Wie unterstützen Sie Kunden, die gerne Eigenheim erwerben würden, die gestiegenen finanziellen Anforderungen aber nicht bewältigen können?
Wechsler: Zunächst ist es wichtig, Transparenz zu schaffen. Deswegen sprechen wir die anstehenden Nachhaltigkeitsinvestitionen gegenüber unserer Kundschaft immer proaktiv an und bieten mit unserem «Wegweiser für energetische Sanierungen» wichtige Hintergrundinformationen. Entlastung können Förderprogramme bieten, aber auch unsere Nachhaltigkeitshypothek, die im ersten Jahr nicht verzinst werden muss.

Kann die Kantonalbank auch bei den Eigenmitteln etwas grosszügiger sein, wenn der Kunde die Nachhaltigkeitsinvestitionen trägt?
Wechsler: Nein, dies ist leider nicht möglich. Hier müssen wir uns an die regulatorischen Vorschriften halten – die 20 Prozent Eigenmittel beim Kauf eines Eigenheims beziehungsweise die 25 Prozent beim Erwerb eines Renditeobjekts sind vorgegeben.

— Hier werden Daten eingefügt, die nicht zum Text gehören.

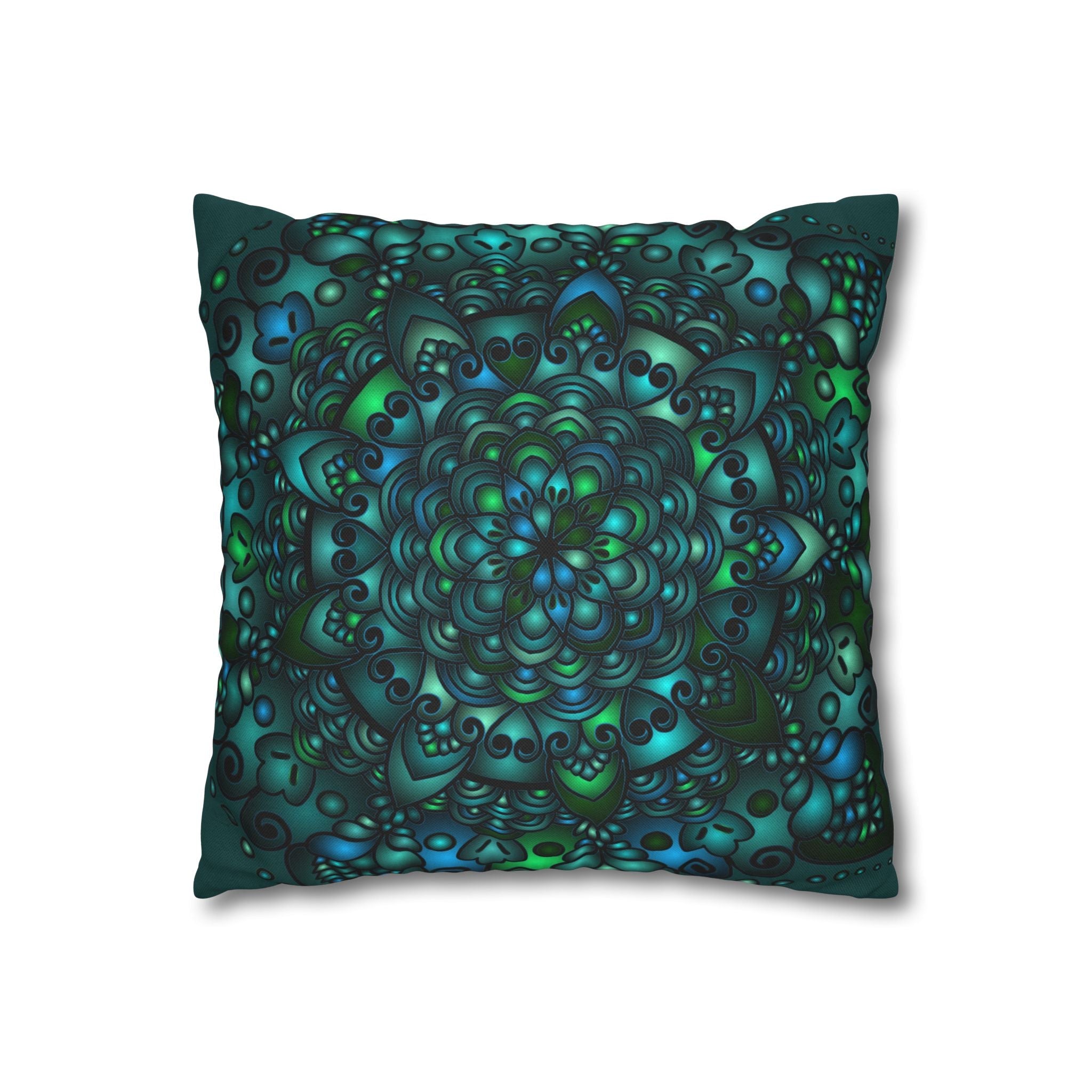 Spun Polyester Square Pillowcase Mandala Art - Original Fine Art - Hand - drawn - Petroleum Green - Blululi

Wo steht der Kanton Schaffhausen mit Blick auf nachhaltige Immobilien?
Wechsler:
Eine zuverlässige Aussage für den ganzen Kanton zu machen, ist schwierig. Die Entwicklungen lassen sich aber gut am Beispiel der Pensionskasse Schaffhausen verdeutlichen, bei der ich die Liegenschaftenkommission präsidiere. Schon anfangs 2020 haben wir für alle direkten Immobilienanlagen eine konkrete Nachhaltigkeitsstrategie formuliert mit messbaren Zielen etwa für den Energieverbrauch und den CO2-Ausstoss. Die grösseren Pensionskassen und institutionellen Anleger sind ein Treiber für nachhaltige Immobilien. Deshalb würde ich sagen: Wir stehen im Kanton Schaffhausen sicher nicht schlechter da als der Schweizer Durchschnitt.

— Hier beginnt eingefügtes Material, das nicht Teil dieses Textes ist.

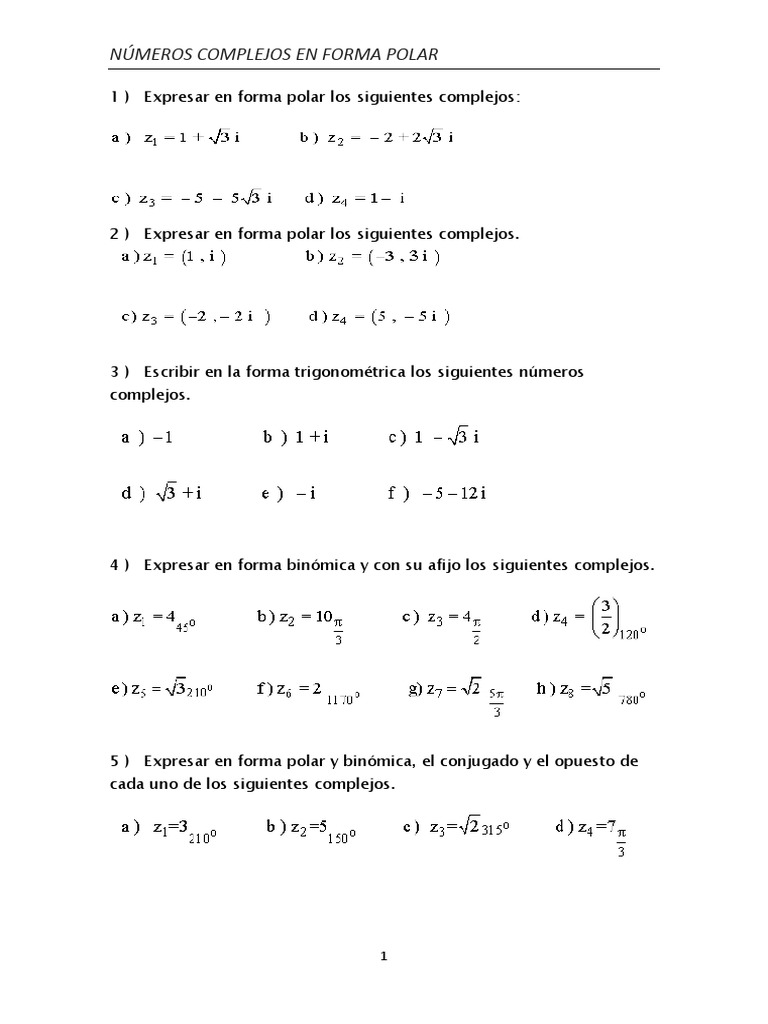 Complejos Forma Polar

Zur Person: Markus Wechsler

Seit 2016 ist Markus Wechsler bei der Schaffhauser Kantonalbank tätig. Seit Mitte 2022 leitet er die für die Bank zentrale Abteilung Immobilien-Investoren. Insgesamt 14 Mitarbeiter sind zuständig für die Beratung von privaten und institutionellen Immobilien-Investoren, Baupromotoren, Baugenossenschaften und Immobilienunternehmen. Als Präsident der Liegenschaftenkommission der Pensionskasse Schaffhausen ist er zudem mitverantwortlich für die Definition und Umsetzung der Immobilienstrategie der Pensionskasse für direkte Immobilienanlagen.